Monday, September 20, 2010

who do you think you are?

the more I think about it, the less certain I become that architects are the ones most suited to write about architecture. architects are way too caught up in the actual making of buildings to be able to analyse them in a good way. it's very presumptious of us to not only think we're the ones best suited to design buildings but also to be able to analyse them properly. especially considering just how complex they are, both as technical systems and as the backdrop against which we all live our lives.

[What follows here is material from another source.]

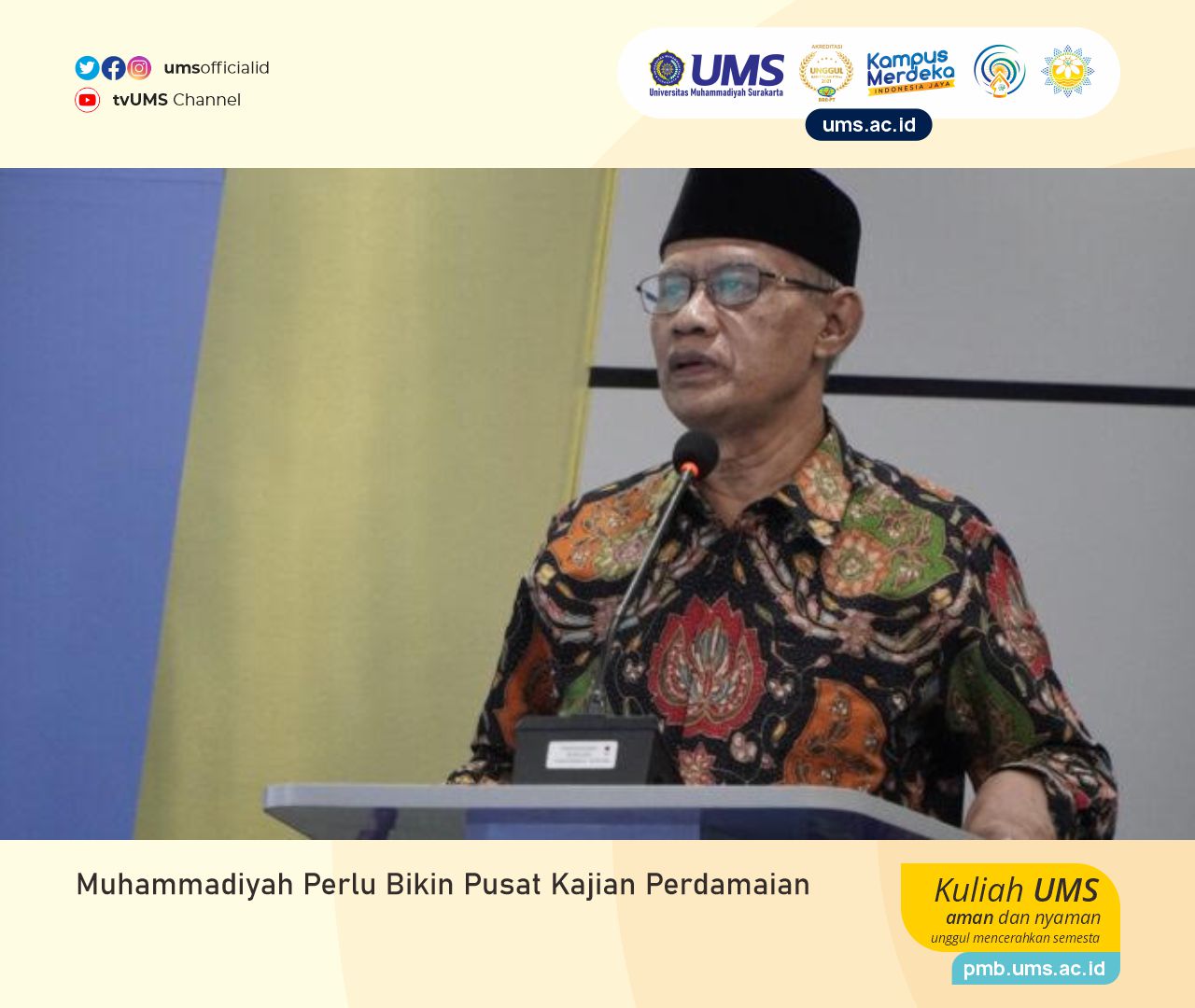 Read more about the article Muhammadiyah Perlu Bikin Pusat Kajian Perdamaian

but who, then, would be better suited?

an art historian? the ones I've come across have always been too focused on the visuals and on the 'intention' behind different parts of a building for me to take seriously. and as we know there's a lot of post-rational explanations put forward by architects so that they won't have to say they just liked something. an architectural historian would make more sense in the way that most of them are educated as architects and thus – at least partly – aware of what it is to design a building. they are also aware of some of the constraints society put upon us in the form of regulations and maybe even the constraints procurement brings to a building. but as they're educated within the discipline they know the hidden codes (the 'lore of operation', in the words of Reyner Banham), and are thus not able to analyse a building for what it is, without an overlay of Architecture. they can be great for that, though, – analysing a building and it's relation to other buildings in the canon of architecture – but that's not what I'm after.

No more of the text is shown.